L’accelerazione del progresso tecnologico, se da un lato comporta continui miglioramenti e innovazioni nelle capacità dei device e degli strumenti, dall’altro rende immediatamente obsoleti i loro predecessori. Pensiamo ai dispositivi per l’archiviazione: floppy disk, cd-rom, chiavette USB, vivono nell’ombra del cloud, la mega-nuvola virtuale dove dati e contenuti digitali sono conservati e trasmessi senza avere “contatto” con oggetti fisici. Nessuno di noi si immaginerebbe, al giorno d’oggi, di trasferire materiale digitale su quell’oggetto quadrato e sottile che è un floppy-disk. Così come oggigiorno capita di rado di vedere file mp3 con un bitrate più basso 320 kbps. Eppure queste tecnologie, che ormai appartengono al passato, hanno avuto un ruolo fondamentale nello sviluppo della musica e della conoscenza. È questo l’assunto da cui è partito Alberto Ricca, producer piemontese noto con il moniker Bienoise, per delineare un concept album, o meglio un tributo, nei confronti del “design perfetto” dei floppy disk e delle “ingegnose” modalità con cui opera il formato audio mp3.
A tre anni di distanza dall’acclamato Meanwhile, Tomorrow – uscito in contemporanea con Small Hopes Of Common People – il producer decide di lasciare da parte pattern e ritmiche più legate al clubbing per calarsi in un lavoro immersivo e concettuale. Tracce di così basso peso digitale da essere contenute in un floppy disk, supporto su cui, assieme al digitale, l’album è stato pubblicato. Come detto, il concetto di partenza è l’esplorazione del passato glorioso di tecnologie oramai in disuso ma prodotte da menti che sognavano il futuro: spettri e distorsioni glitch, sample sbriciolati (è nota la passione del musicista per Oval) che aleggiano malinconici nell’apertura Prepared CD Overture e nella prosecuzione To Save, To Share, un insieme di timide circuiterie in stile Autechre immerse nella foschia dei Boards Of Canada. La sensazione offerta da Utopia Robotz – dove i bleep sussurrano armonici come se fossero sofferenti – è quella di trovarsi di fronte a un documentario in bianco e nero, sfocato e psichedelico, incentrato sulle evoluzioni della tecnologia.
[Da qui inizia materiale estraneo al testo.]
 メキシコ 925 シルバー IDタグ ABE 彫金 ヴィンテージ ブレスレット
E questo per dirvi che, al di là di speculazioni da nerd e sterili concetti, il lavoro è capace di stimolare la mente e l’immaginazione, di giocare con le percezioni scorrendo abilmente da una patina malinconica e lo-fi a una tensione oscura e nevrotica, come negli arpeggi schizzati di Gursky Windows o nei tetri rintocchi di campane della finale Most Beautiful Design.
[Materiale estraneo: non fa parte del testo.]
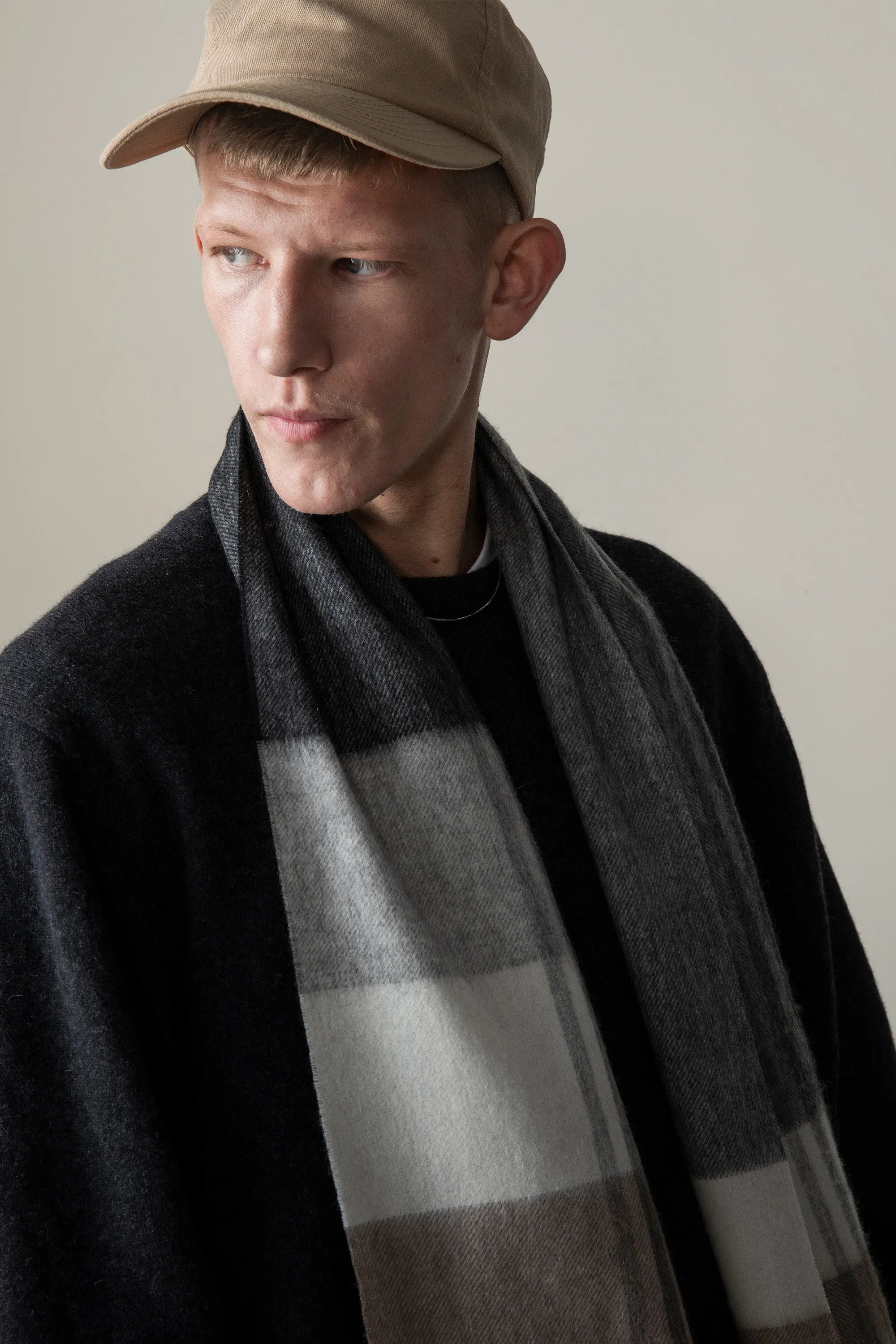 Contemporary Check Lambswool Scarf - Monochrome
È un disco che forse, per approccio e materia, non toccherà le vette di notorietà raggiunte dal precedente, ma sarà apprezzato nei circuiti internazionali dell’elettronica di ricerca. Non a caso, Most Beautiful Design segna il ritorno sulle scene dell’etichetta Mille Plateaux, inizialmente fondata nel 1994 a Francoforte da Achim Szepanski e veicolo di diffusione dei primi lavori di gente come Oval, Alva Noto e Tim Hecker.